Lipid peroxidation contributes to hydrogen peroxide induced cytotoxicity in renal epithelial cells

Abstract

We have examined the role of lipid peroxidation in the cytotoxicity of H2O2 in OK cells containing markedly differing amounts of cell membrane polyunsaturated fatty acids (PUFA). In OK cells grown in a serum free medium, PUFA were undetectable. The membranes of these cells contained predominantly oleic, stearic and palmitic acids. When cultured in medium containing 10% calf serum, OK cells contained measurable amounts of PUFA [linoleic (5 +/- 1%) and arachidonic acids (8 +/- 1%)]. When the serum containing medium was supplemented with 60 mM linoleic acid, the membrane content of both linoleic (21 +/- 1%) as well as arachidonic acid (15 +/- 1%) as substantially increased. The severity of injury induced by H2O2 in OK cells was substantially altered by the PUFA content of the cell membrane. Exposure of OK cells to 1.25 mM H2O2 for one hour resulted in more cell death (determined by a trypan blue assay) in cells grown in serum supplemented with linoleic acid with "normal" PUFA content (90 +/- 2%) than in cells with "reduced" levels of PUFA grown in unsupplemented calf serum (81 +/- 3%).
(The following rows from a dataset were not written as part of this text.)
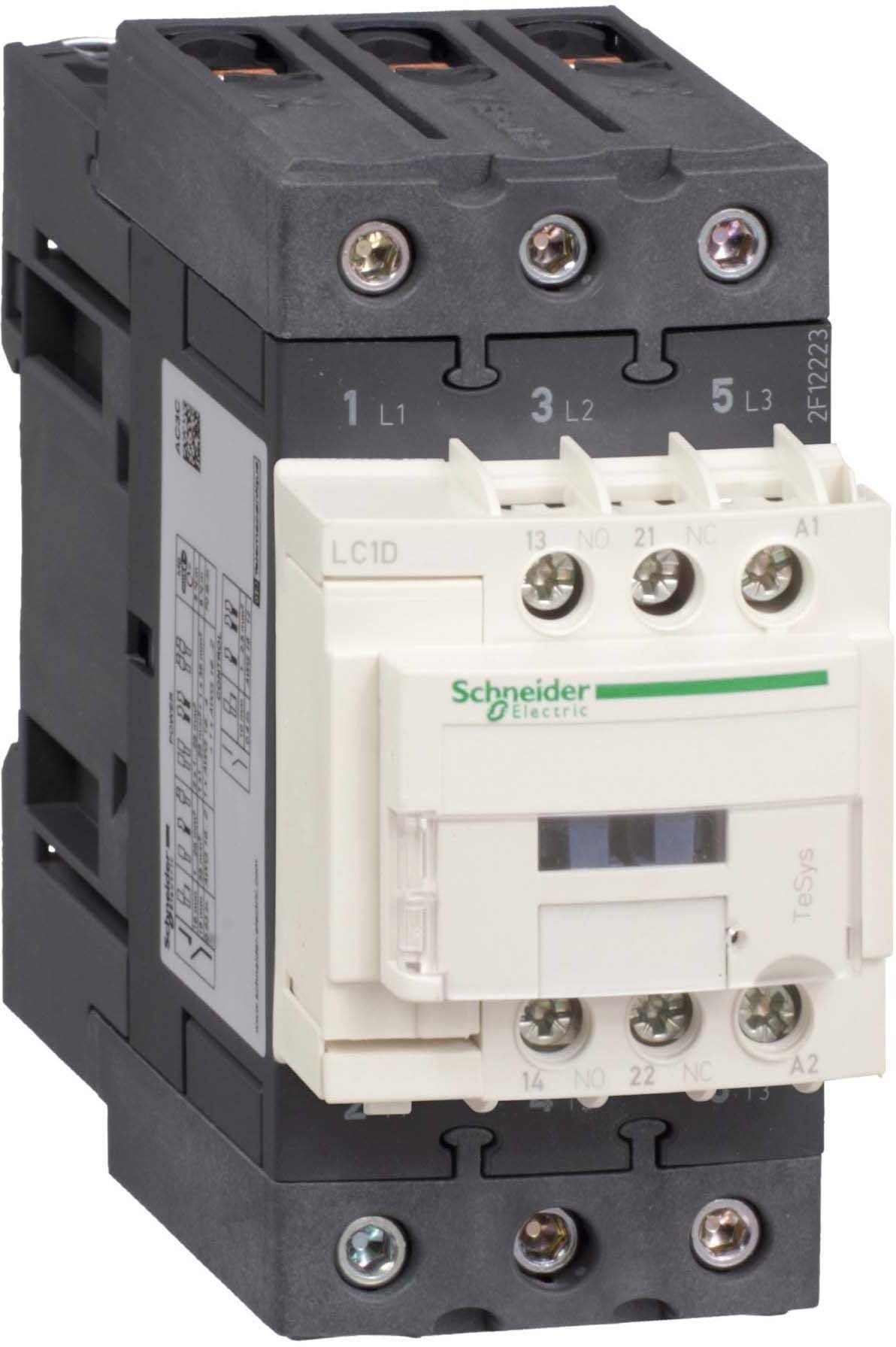 Schneider LC1D50AED 50 A 3P AC3 TeSys DC Coil D Contactor, 48 V, White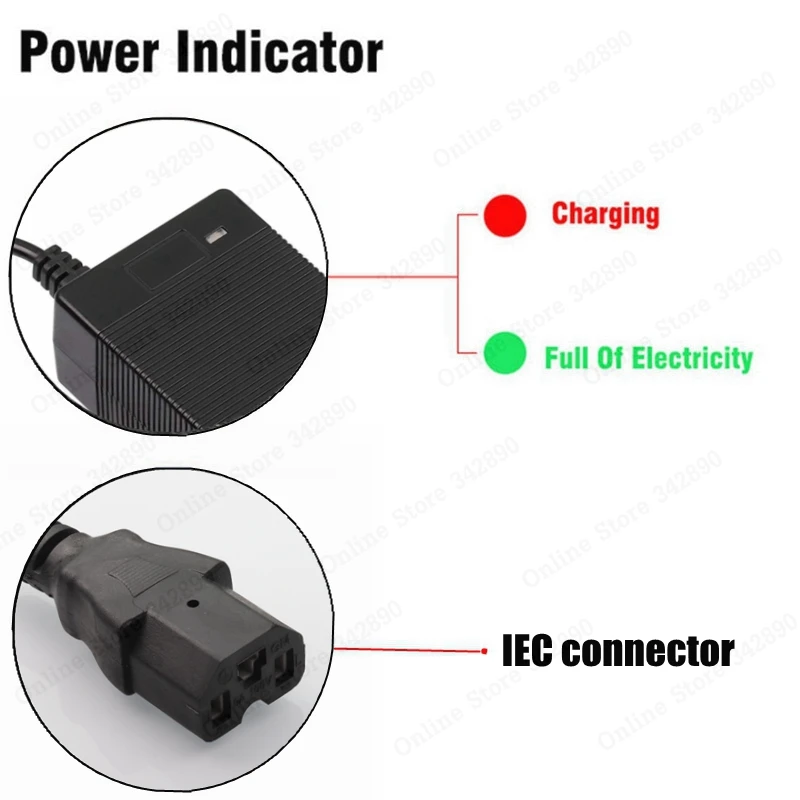 67.2V 2A lithium battery charger for 60V lithium-ion battery  charger with computer connector IEC connector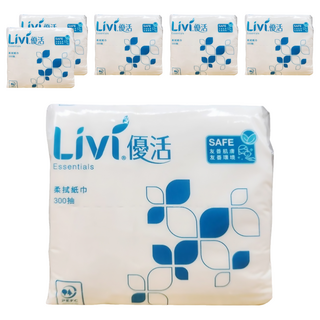 LIVI 優活 單抽柔拭紙巾 2層, 1入, 6包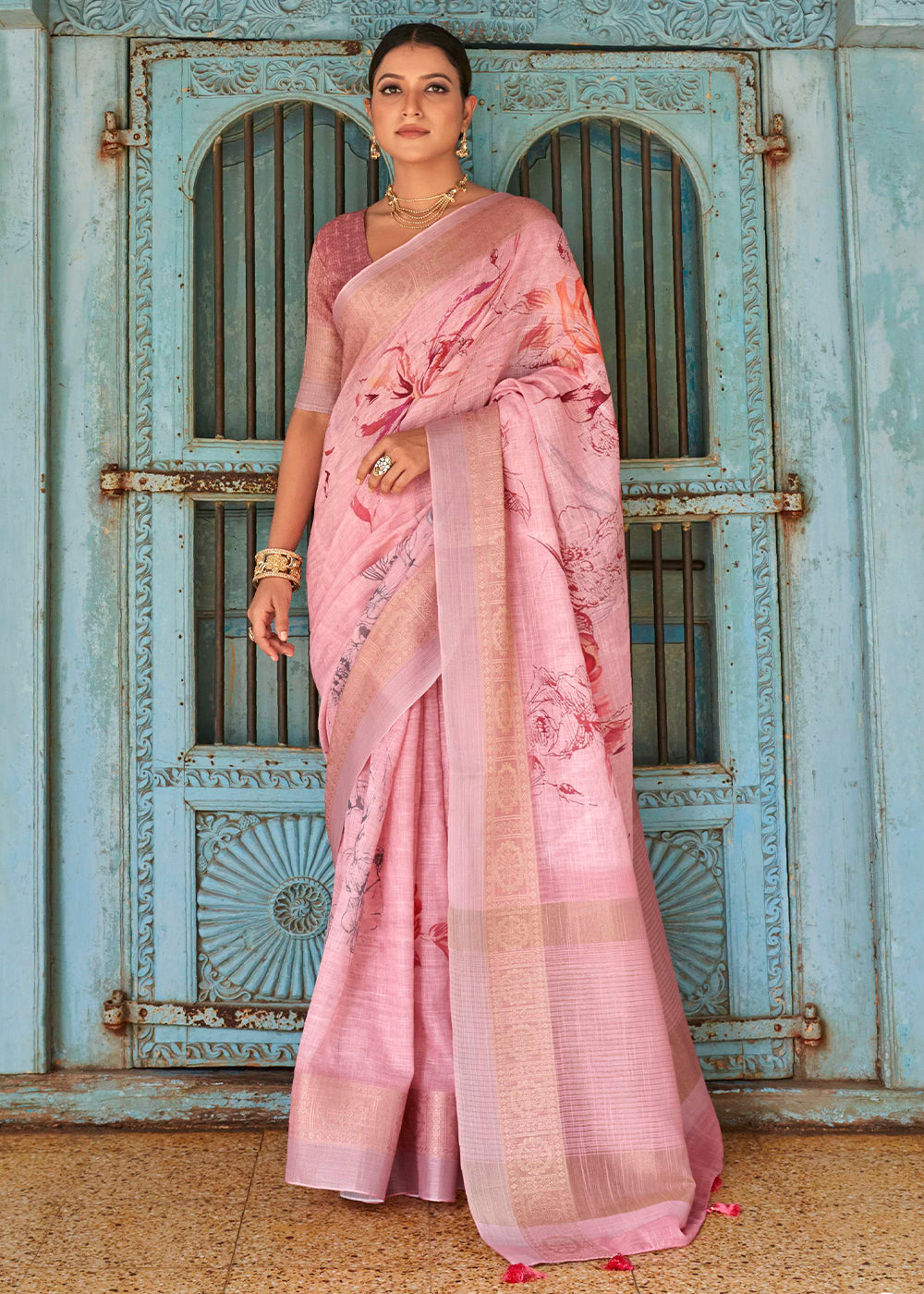 Pastel Pink Floral Printed Linen Silk Saree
Cells gown in defined, serum free medium with undetectable levels of PUFA suffered the least H2O2-induced lethal cell injury (47 +/- 8%). Comparable differences in the cytotoxicity of H2O2 among cells with differing PUFA content were found using a clonogenic assay of cell viability. Malondialdehyde (MDA) accumulation induced by 1.25 mM H2O2 was greater in cells with "normal" PUFA content (702 +/- 103 pM/microgram cell DNA/hr) than in cells with "reduced" PUFA (328 +/- 112 pM/100 microgram DNA/hr) and was undetectable in cells grown in defined, serum free medium. In summary, the content of PUFA of cells in culture is profoundly influenced by culture conditions. Our data provide novel and direct evidence that peroxidation of cell membranes contributes directly to the severity of cell injury and death induced by H2O2.